Reputation: 3846
I want to filter rows if cell string contains anyone of the values in the predefined set.
For example, for following dataframe:
ids ids2 vals
0 a h a i 1
1 b z n a 2
2 f z c a 3
3 n i n h 4
I want following rows extracted (the rows which have 'h' or 'i' in the ids column):
ids ids2 vals
0 a h a i 1
3 n i n h 4
Code to generate dataframe:
d = pd.DataFrame({'vals': [1, 2, 3, 4], 'ids': ['a h', 'b z', 'f z', 'n i'],'ids2': ['a i', 'n a', 'c a', 'n h']})
What I have done so far:
d[d['ids'].str.contains('h')|d['ids'].str.contains('i')]

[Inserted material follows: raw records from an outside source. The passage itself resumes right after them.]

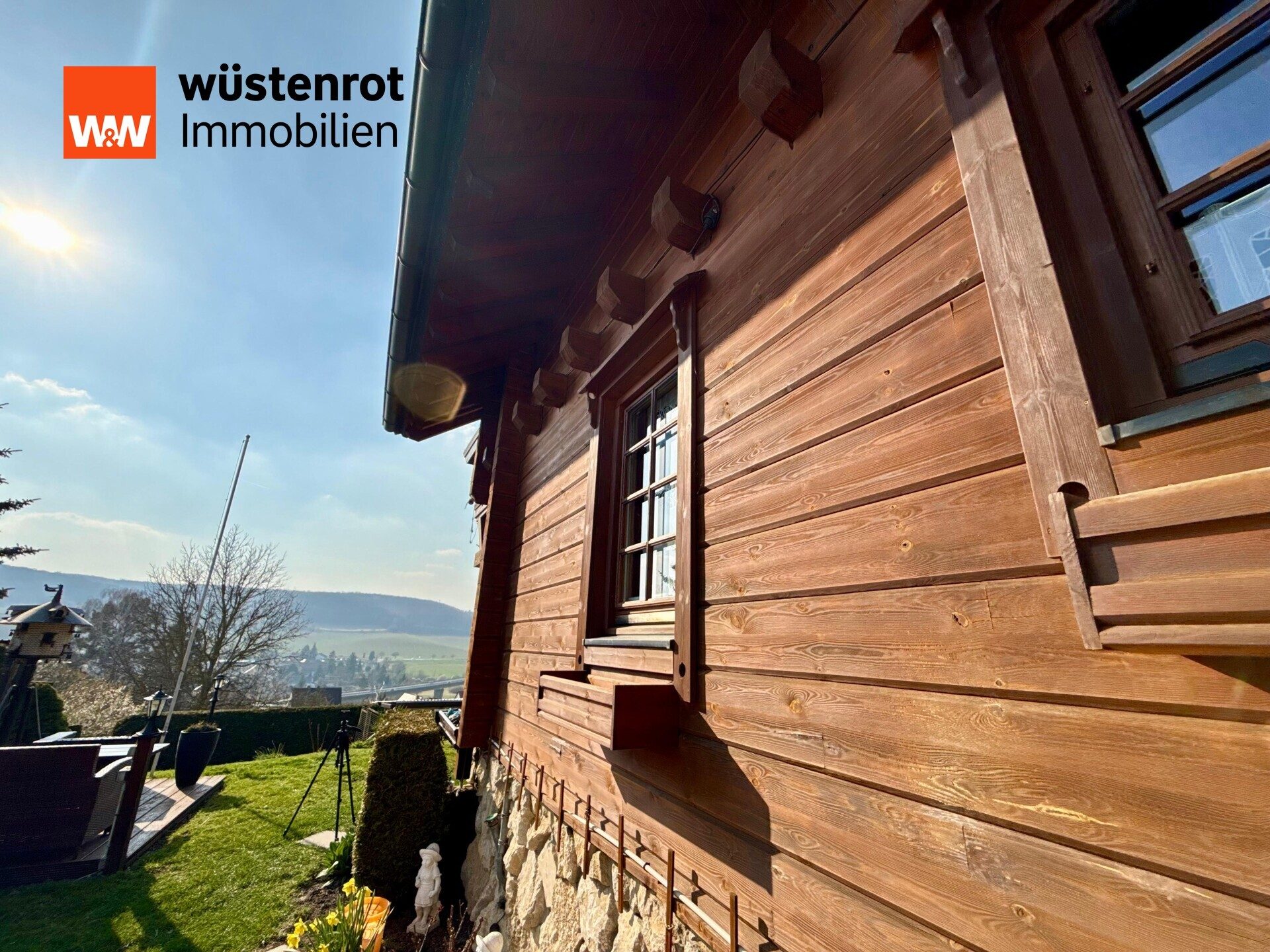 Immobilienangebot - Freyburg - Alle - Traumkulisse!!! Atemberaubend gemütlich! Blockbohlenhaus in den Weinbergen von Freyburg zu verkaufen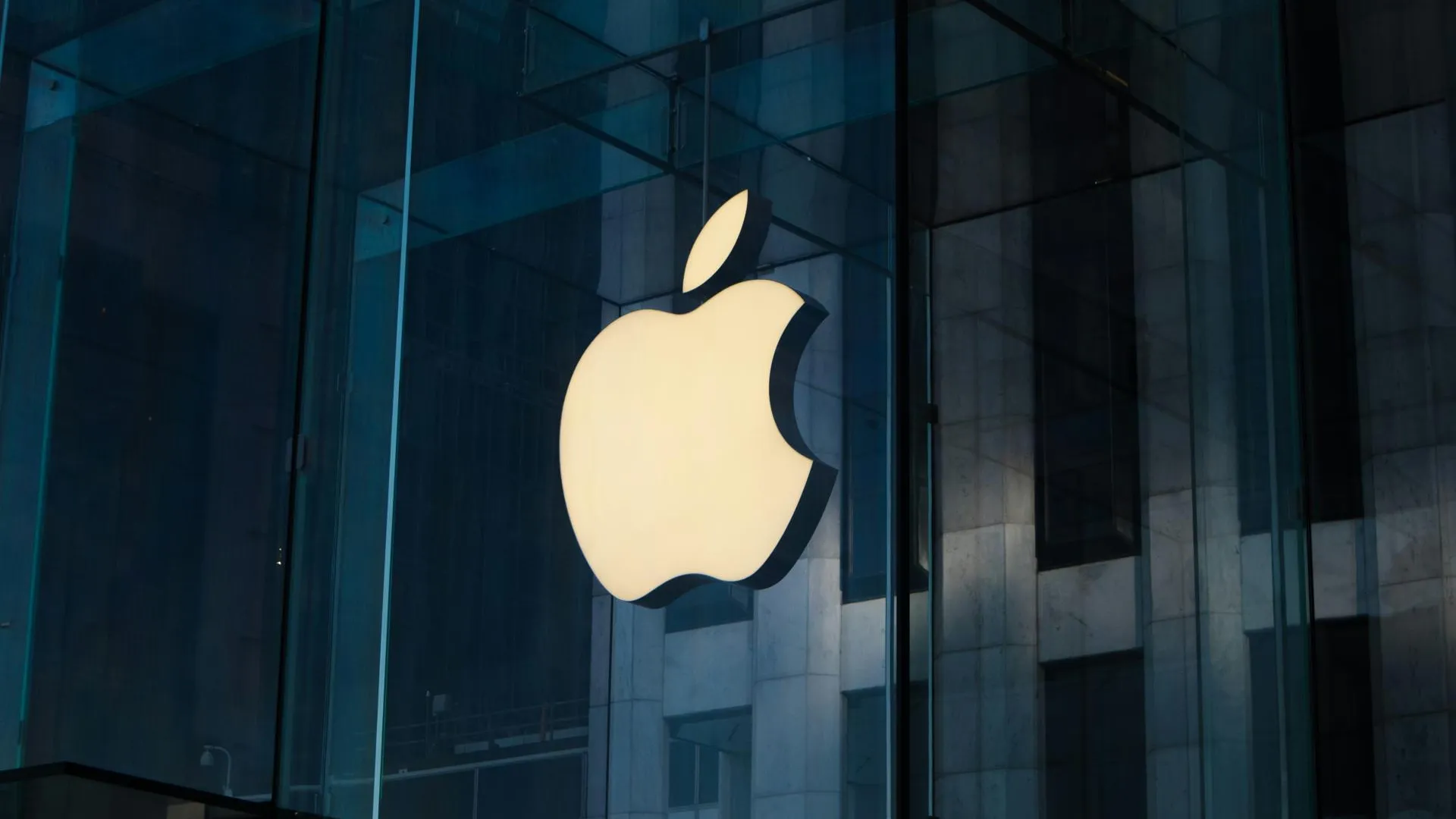 Apple будет вынуждена погасить 40 млн рублей долгов при возвращении в РФ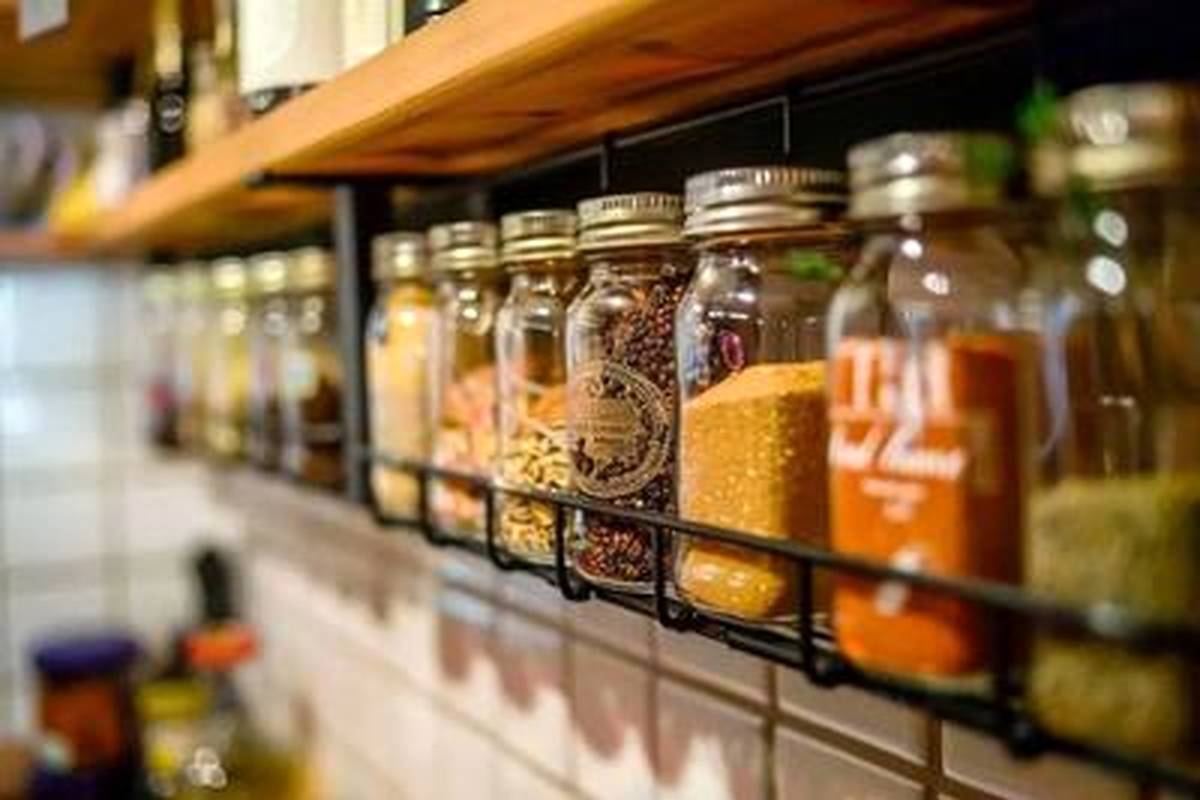 بدترین جای آشپزخانه برای نگهداری ادویه اینجاست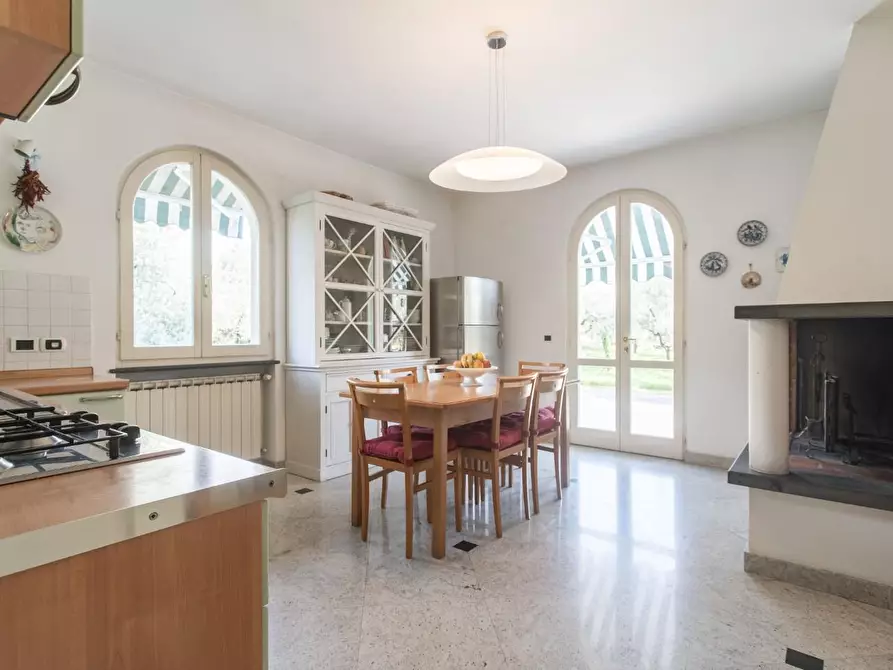 Immagine 8 di Villa in vendita  a Massa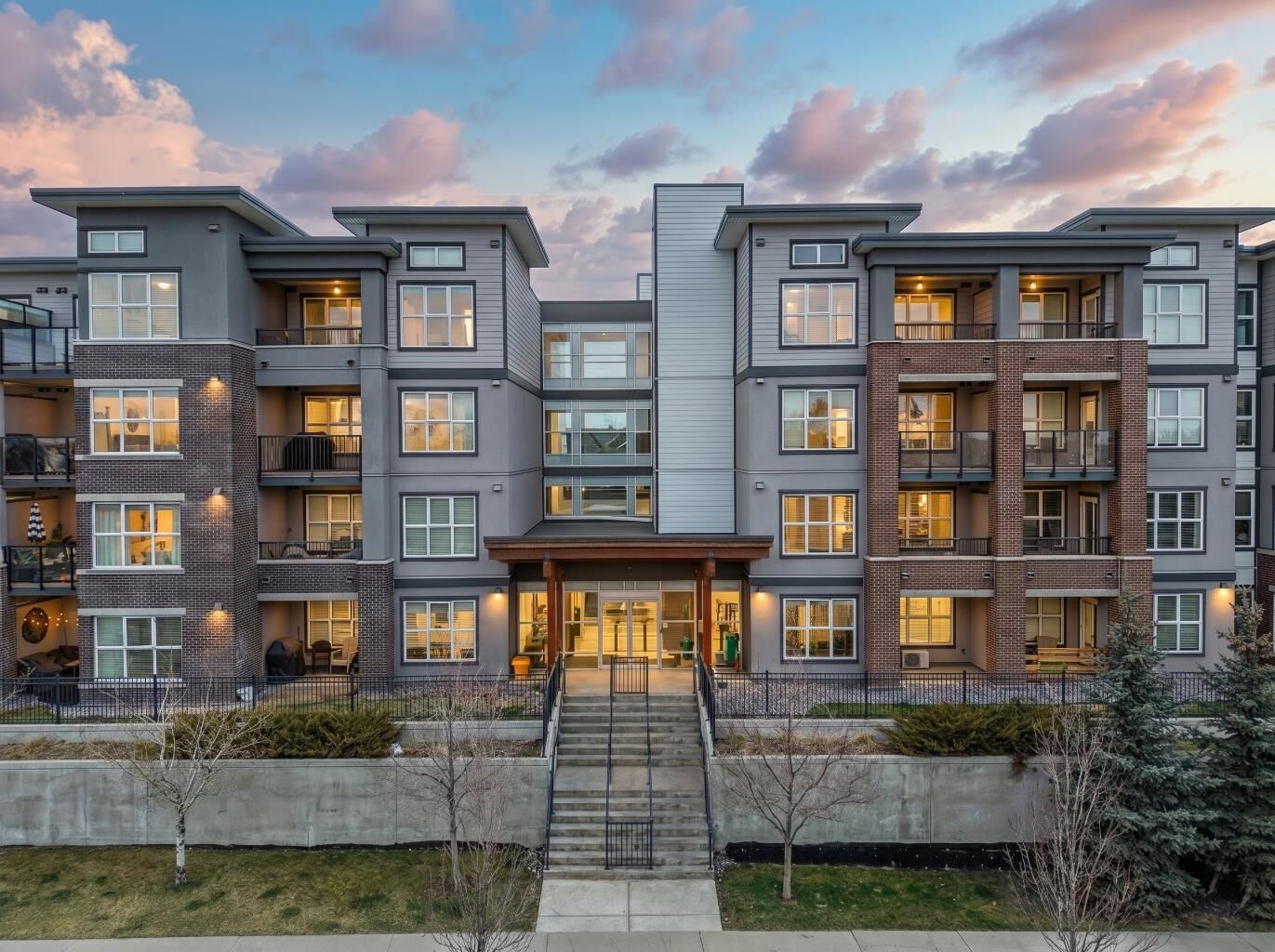Property Photo: 95 Burma Star Road SW 3110 AB T3E 8A9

Here the predefined set is small and contains is case sensitive. Is there a way I can do this either with case-insensitivity or using some list contains method. I tried doing this:
d[len(re.findall('h|i',d['ids'].str,re.IGNORECASE)) > 0]
but it gives me TypeError: expected string or bytes-like object
.
or this:
data[any(d['name'].str.contains(x) for x in ['h','i'])]
gives error: KeyError: 'name'
Can someone help me with this?
Upvotes: 1
Views: 4342
Reputation: 394031
You can do this easily by passing a regex that joins the terms:
In [132]:
d[~d['ids'].str.contains('h|i', case=False)]
Out[132]:
ids ids2 vals
1 b z n a 2
2 f z c a 3
Upvotes: 1
Reputation: 341
Use case = False
to make it case-insensitive:
d[d['ids'].str.contains('h', case=False)|d['ids'].str.contains('i',case=False)]
This is definitely a little roundabout but it will work:
letters = ['h', 'i']
d[d['ids'].str.split().apply(lambda x: len(set(x).intersection(set(letters))))>0]
Upvotes: 2